完成させたのは、腰越小グラウンドにあるトイレ。きっかけは、児童が行う職業体験のための打ち合わせから。同組合では中学生対象の職業体験は行ってきたが、小学生は今回が初めて。中学と同様に座学1時間、塗装体験1時間程度の職業体験と考えていた組合に対し、同小学校から「老朽化したトイレの外壁を子どもたちと一緒に塗り替えてほしい」と提案があった。
馬瀬組合長は「簡単な作業ではないので断ろうと思ったが、組合員らと話し合い、子どもたちに左官の仕事を知ってもらい、将来、左官を目指す子が誕生すれば」という思いで引き受けた。
作業は9月から毎週日曜日に組合員が集まり、古い外壁を剥がしたり、下地作りなどを行った。「古い壁の上に新たに塗っても、すぐにダメになってしまう。塗装する下地の下にも強化材などを入れて、今まで以上に丈夫になったのでは」と同組合。作業は組合員3〜5人が順番で参加し、1カ月以上かかった。
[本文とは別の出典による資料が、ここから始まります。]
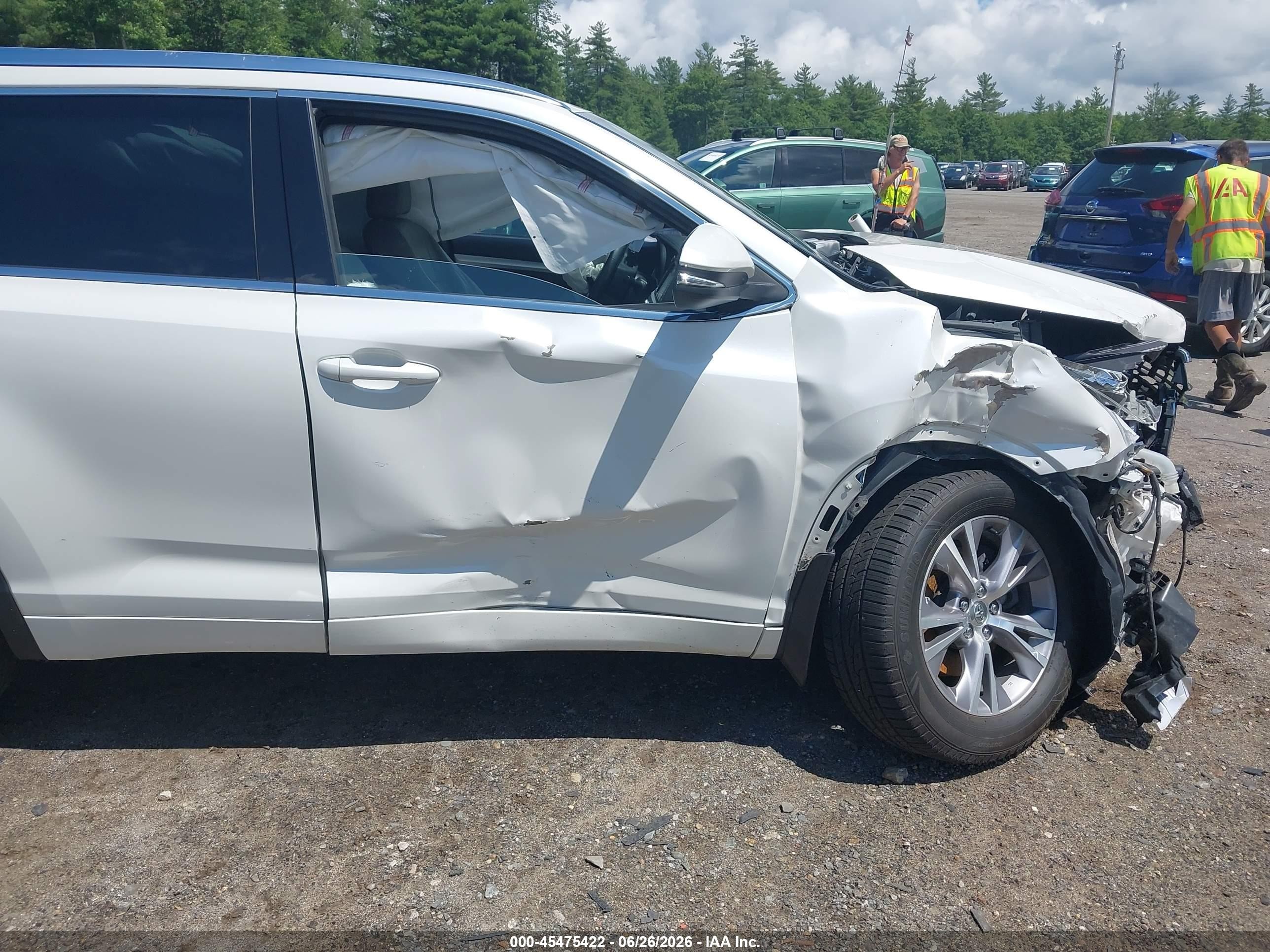 2015 Toyota Highlander Xle V6 White vin: 5TDJKRFH0FS149692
「予算もないので、塗料メーカーにもお願いして、材料を提供してもらった。子どもたちに、『大人もがんばってるんだぞ』と分かってもらえればね」と馬瀬組合長。
児童たちも、9月から準備を開始。腰越らしく、江の島と江ノ電をモチーフにした外壁のデザインを完成させた。
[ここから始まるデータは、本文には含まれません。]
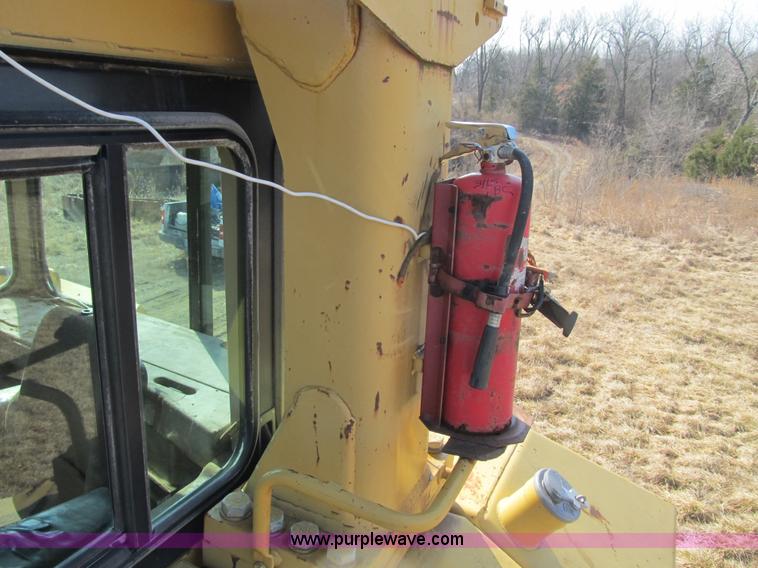 image for item K8843 1997 Caterpillar D11R dozer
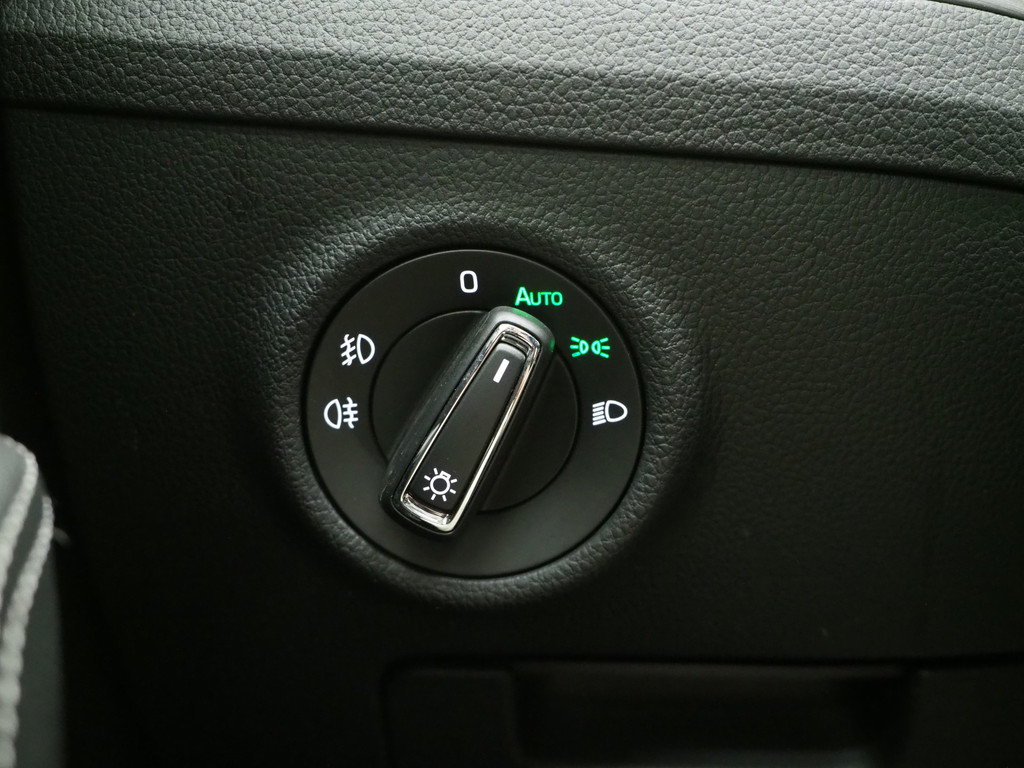 Škoda Superb Combi 1.4 TSI iV 218PK 20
14日の塗装体験では、児童たちは組合員の指導を受けながら色とりどりの漆喰を塗っていった。最初はコテとコテ板の使い方に悪戦苦闘していた児童も、次第にコツをつかみ、手際よく作業できるように。組合員たちも「上手いものだね。すぐに親方になれるよ」と笑ってアドバイス。6年生の岩山千草さんは「大変だったけど、うまくできたと思う。絵を描くのが好きなので楽しかった」と話した。
腰越小の杉並伸也校長は「組合員の皆さんに感謝しかない。子どもたちには大人に支えてもらっているとわかってもらえれば。成人式では、みんなでここに集って懐かしんでもらえれば」と語った。